The themeable templating system allows for consistent presentation across all generated pages while injecting the specific content and structure of each note. Multiple themes can be created and selected at generation time, with the default theme serving as a fallback when selected themes are missing files.

Date Handling

Symark includes a sophisticated date handling system through the naturalize_date function, which converts SiYuan's timestamp format (YYYYMMDD) into human-readable dates. This function:

  1. Recognizes SiYuan's date format patterns
  2. Converts numeric dates to natural language formats
  3. Handles relative dates (yesterday, last week, etc.)
  4. Supports both date-only and datetime formats

Conclusion

Symark is a powerful tool specifically designed for converting SiYuan notes into an interconnected web of HTML documents. Its key strengths include:

  1. SiYuan Compatibility: Deep integration with SiYuan's note format and features
  2. Flexible Content Rendering: Support for all SiYuan content types and formatting
  3. Relationship Preservation: Maintains connections between notes through references and tags
  4. Navigation Enhancement: Generates tables of contents, tag pages, and index pages
  5. Asset Management: Handles images and other resources required by the notes

The system allows knowledge captured in SiYuan to be transformed into a publishable format while preserving the rich structure and interconnections that make personal knowledge management systems valuable. By generating static HTML, the resulting site can be easily hosted and shared without requiring specialized server infrastructure.

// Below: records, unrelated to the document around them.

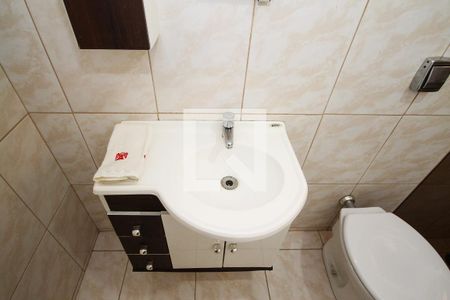 Banheiro de casa para alugar com 1 quarto, 44m² em Parque Sao George, Cotia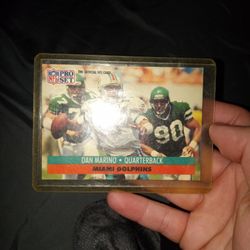 Its A Pro Set NFL Card Worth Bout 30 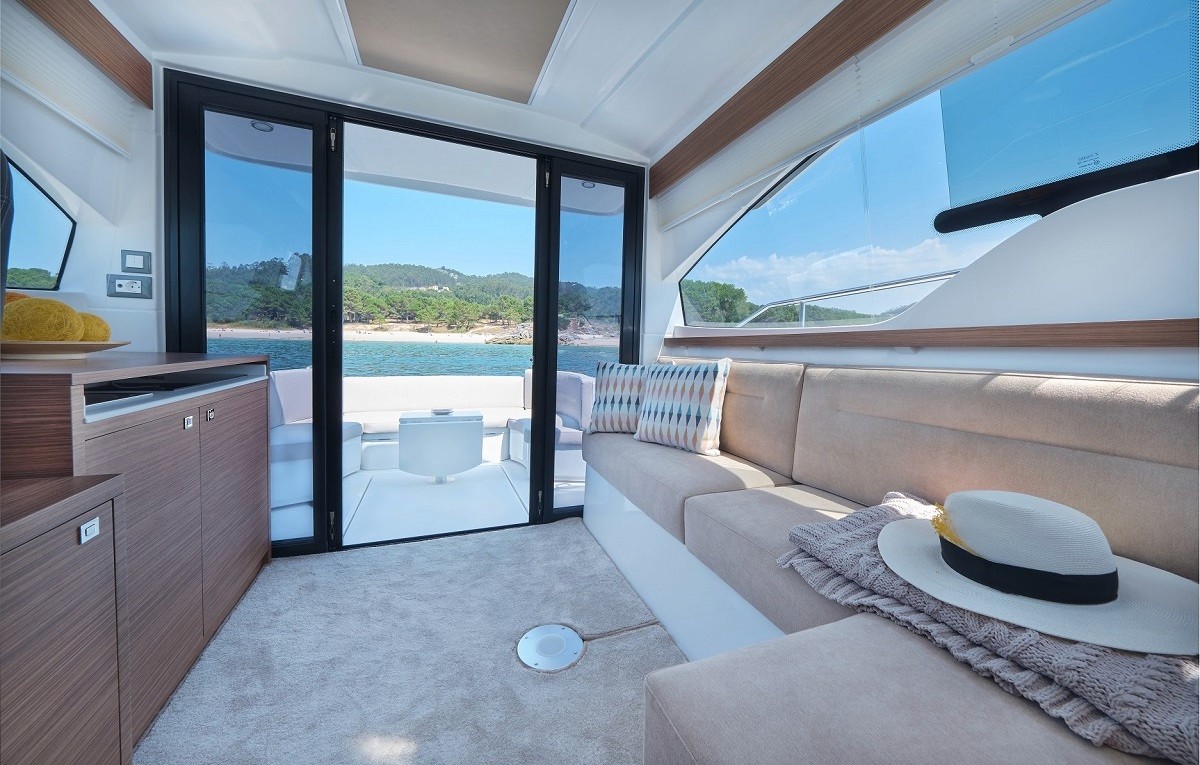 Interior of the Rodman Spirit 31 HT Outboard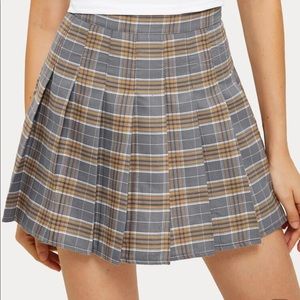 pleated plaid mini skirt
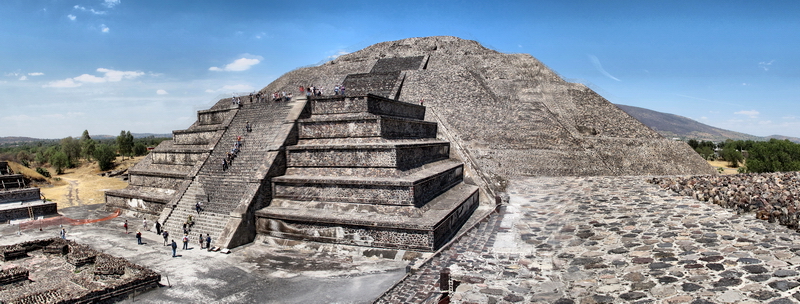 Pan-Piramide-de-la-Luna-1.1-hdr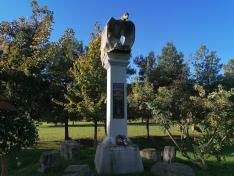 A Zobor-hegyi ezredévi emlékmű mementója Alsóbodokon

Symark bridges the gap between personal note-taking in SiYuan and public knowledge sharing, making it easier to transform private notes into documentation, wikis, or knowledge bases that can be shared with others. It's an excellent example of extending a personal knowledge management system with publishing capabilities.

Building and Usage

As a Rust project, Symark can be built using standard Cargo commands:

cargo build --release

Basic usage involves:

  1. Placing SiYuan notes in the input/ directory
  2. Running the Symark executable with an optional theme name:
    # Use default theme
    cargo run
    
    # Use a specific theme (falls back to default theme if files are missing)
    cargo run my-theme
    
  3. Accessing the generated website from the output/ directory

The system is designed to be simple to use while providing powerful conversion capabilities.